Question

Determine the number of six digit odd numbers that can be created using digits 0 to 9 without repition. Describe any restrictions that exist.

Please help if you can, thanks ☼
This problem involves permutations/combinations

Answer 1

one problem though, is 012345 considered a 6 digit?

Answer 2

yes. zero is included @sourwing

Answer 3

to be an odd number, the last digit must be one, that is either 1,3,5,7,or,9

9 * 8 * 7 * 5 * 4 * 5

Answer 4

So do I use a formula or fundemental counting principle @sourwing

Answer 5

@DSS @sourwing You guys both did it differently

Answer 6

I'm not sure...you need odd numbers

Answer 7

Ok @DSS Thanks for tryng though. Regardless, it is still appreciated

Answer 8

opps i meant to say the last digit must be *odd*
and no you don't use counting principle because that's is only applied when order does not matter. But order matters in this case. So you just use permutation formula

Answer 9

Can you show me what I put in the formula please @sourwing
Like the n value
and the
r value? ☼

Answer 10

(9P5) * 5

once an odd digit is chosen for the last digit. You have pick 5 out of 9 numbers left to rearrange

Answer 11

Wouldn't it be \[10!\div(10-5)!\]
Because there are 10 options to choose from and you choose 5 of them (1,3,5,7,9)
Wouldn't there be 10 because you include zero (because it is from zero to nine)

Answer 12

@sourwing

Answer 13

no, digits CAN NOT be repeated.

Answer 14

How are they repeated? @sourwing

Answer 15

you have chose one odd number for the last digit, say 5, then there are 9 numbers left.

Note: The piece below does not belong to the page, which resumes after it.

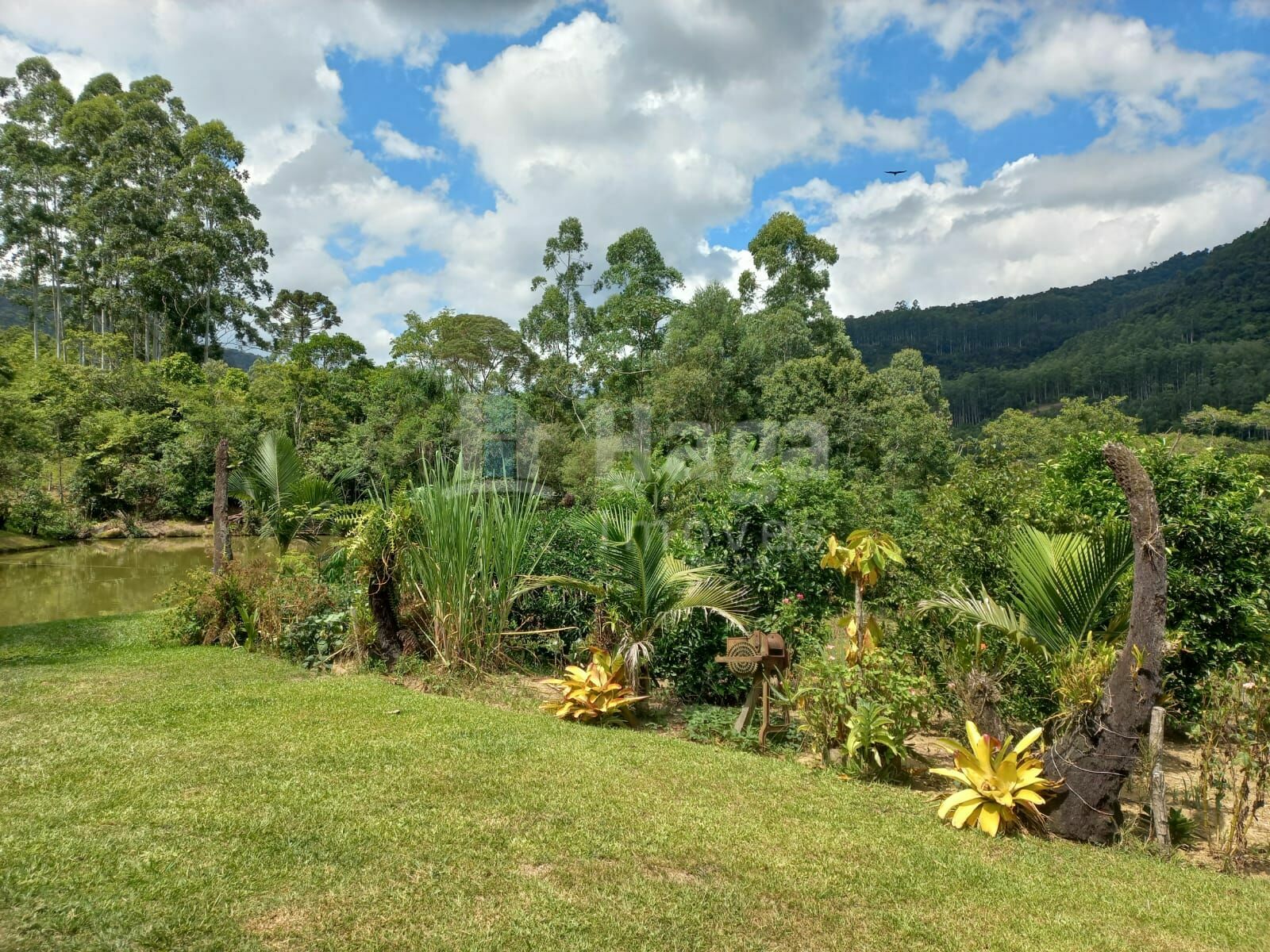 Somos o Maior Portal de Anúncios de Imóveis Rurais do Brasil. Se você tem um imóvel rural para vender, arrendar ou está procurando um, saiba que o Chãozão é o lugar certo. Porque de terra, a gente entende! Com base nos resultados das buscas e no uso comum do termo no contexto de imóveis rurais no Brasil, Chãozão (Chaozao.com.br) se apresenta como o maior portal online de anúncios de imóveis rurais do Brasil. Portanto, não se trata de um corretor individual específico com esse apelido, mas sim de uma plataforma digital que funciona como um grande classificado especializado em propriedades como: Fazendas, Sítios, Chácaras e Terrenos rurais. O que o Chãozão (portal) faz: 1. Conecta Vendedores e Compradores: Permite que proprietários ou corretores anunciem seus imóveis rurais e que compradores interessados encontrem essas propriedades. A negociação, segundo o portal, é feita diretamente entre as partes. 2. Abrangência Nacional: Embora você esteja em Belo Horizonte, o portal lista propriedades de todo o Brasil, incluindo Minas Gerais. 3. Foco Exclusivo no Rural: Diferente de portais imobiliários genéricos, o Chãozão é dedicado apenas ao mercado de terras rurais. 4. Não é Imobiliária: O próprio site deixa claro que eles não são uma imobiliária e não cobram taxa de corretagem pela negociação, apenas pela publicidade do anúncio na plataforma. Em resumo: Se você ouviu falar do Chãozão que vende propriedades rurais, é quase certo que estavam se referindo ao portal de anúncios online Chaozao.com.br. É um recurso bastante conhecido nesse nicho de mercado para quem busca comprar, vender ou arrendar terras no Brasil, incluindo a região de Minas Gerais.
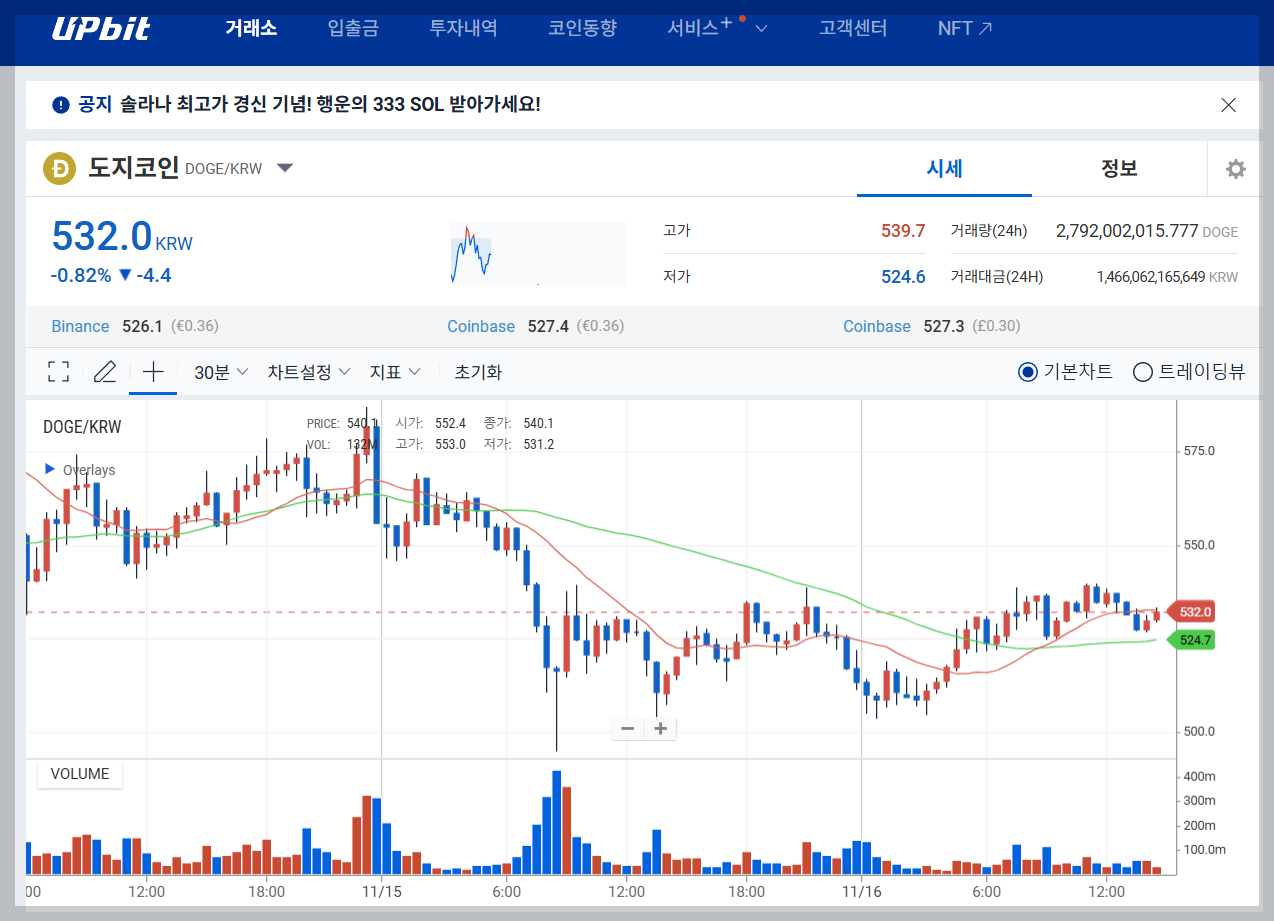 업비트 도지코인 시세 전망 최고가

0,1,2,3,4,6,7,8,9 (9 numbers)

Answer 16

okay, so what restrictions would I say exist @sourwing

Answer 17

well the restriction is number can not be repeated

Answer 18

and the last number must be odd

Answer 19

okay, I think I got it now. Thank you for the help ♪

Answer 20

Oh, one more thing. Why do you multiply 5 by 9P5?? @sourwing

Answer 21

because that is the number of ways the last digit can be